Allright here is the rundown (short question at bottom):
I have a large corporate network; every office on T1 but managed by a server cluster in Texas.
I Installed a small Linux file server on the network in my local office which in turn makes it accessible from any location in the country as long as you are internal or on VPN.
I have a small group of engineers that have there own DSL line in an effort to gain faster connection and bypass some of the security and screening of the internal network. The DSL is in my office and has a small 8 port dlink router that feeds them the connection. They use VPN to log in if they need to open e-mail or any internal software.
They just asked me for external storage, and instead of going and purchasing a NAS for them, I would like to just add a 500GB Drive to my local file server.
So i set them up as a test on one of my personal drives, and copied a file from one of the DSL connected laptops and it takes a horrendous amount of time to upload.

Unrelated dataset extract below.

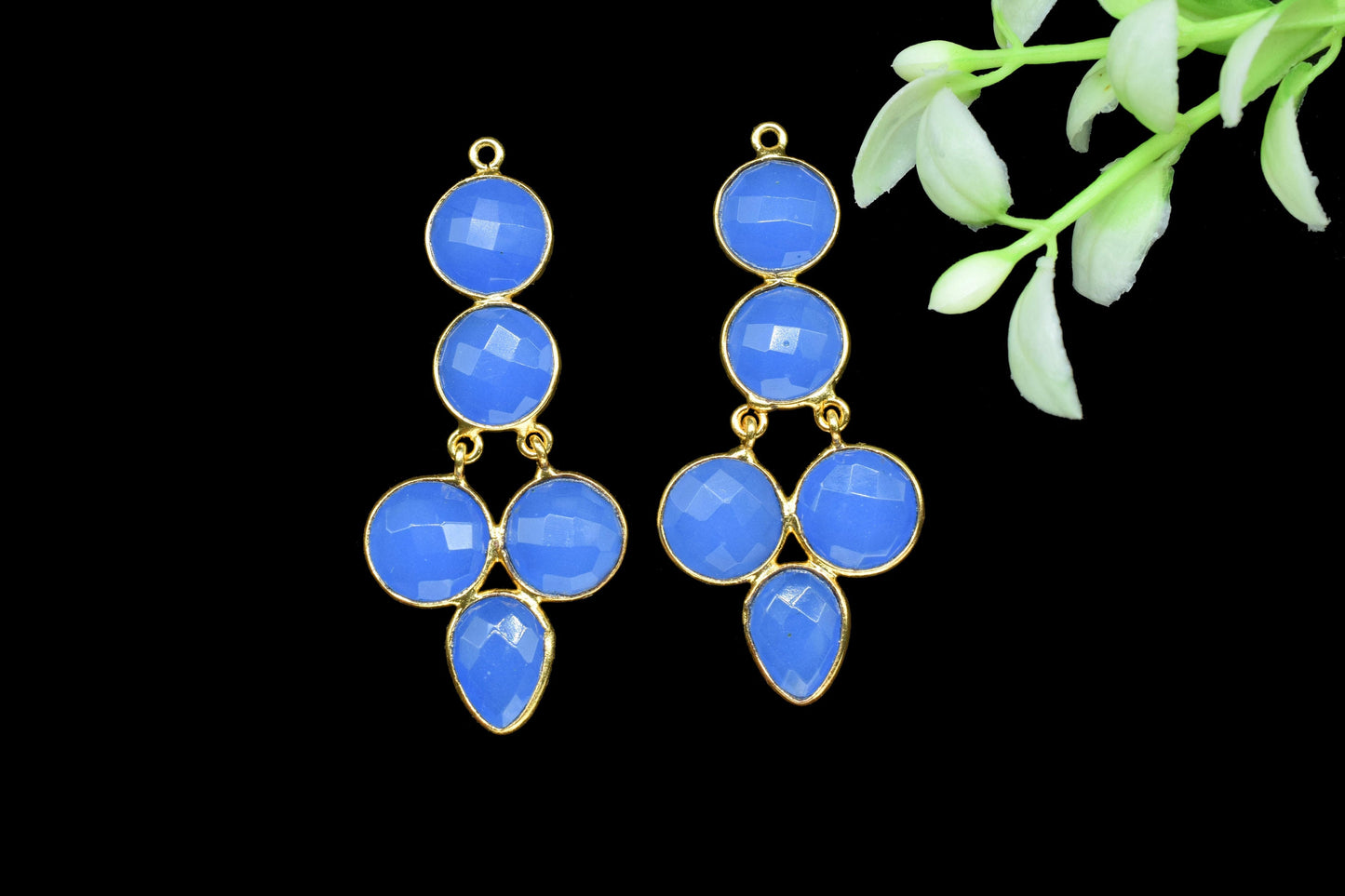 Natural Stone Pendant Connectors,Gemstone Craft Supply,Handmade Beads Jewelry,Statement Earrings,Components Earrings,Station Bezel Link,Gift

I figure this is because it is going:
Local computer>DSL>VPN Through Texas Server>T1>Local Server and then back
Is it possible for me to connect the DLink router to my local network and possibly forward one of the ports on it to my local server without having it pick up the T1 connection and try yo use it?
thats what it thought and was hoping wouldn’t be the case since the server is in the networking closet, and the dlink is in my office, and i don’t have any more wall ports open. now i have to run wires!
Edit: Will linux be ok to recognize the second card? When i was building the server, it asked for two cards only if the computer was going to be the local domain controller
Sure it is slow, but 7 min. for a 4MB file is absurd. That defeats the purpose of keeping it in the server and not buying them a new NAS.
I will add the card and probably just move everything into the network room to keep me from crawling in the ceiling to pull wires across the entire building
I am not either now that I think about it… the server is programmed to listen on 10.50.16.10, and if I add a nic to it it and plug in to the dlink it would also have 192.168.2.50 as an accessible IP. I can program it to listen to that, but it may throw samba for a loop when trying to configure the shares!
Ok, the second NIC did work, I transferred a 20Mb file and had 8b come out in my error report, I will have to send a more sensitive file over to see if that will be a problem, but so far so good!! thanks for the help guys!
yes the 2nd nic has dhcp enabled, they both are set in the router to have a preferential IP since using static isn’t an option. It is basically the same difference here.
I haven’t tracert back to it, but the transfer time dropped from 7min to just under 5 sec.
Edit: tracert for original setup, let me go check new setup:
Tracing route to 10.50.16.10 over a maximum of 30 hops
same results for ping and tracert. Seems to be working flawlessly. I will try and use bacula to image a PC and see if that comes out corrupted or not later this week. For now however the guys back there are happy and it only took a few minutes of my time!!
no no no not lol… I have had a shitty enough day as is!! Our T1 line ripped off the building from that storm (somehow it took an extra day) and I have had outages all damn day! and now i am bleeding from cutting myself on the case of an industrial computer in the warehouse. I just want something to go right!!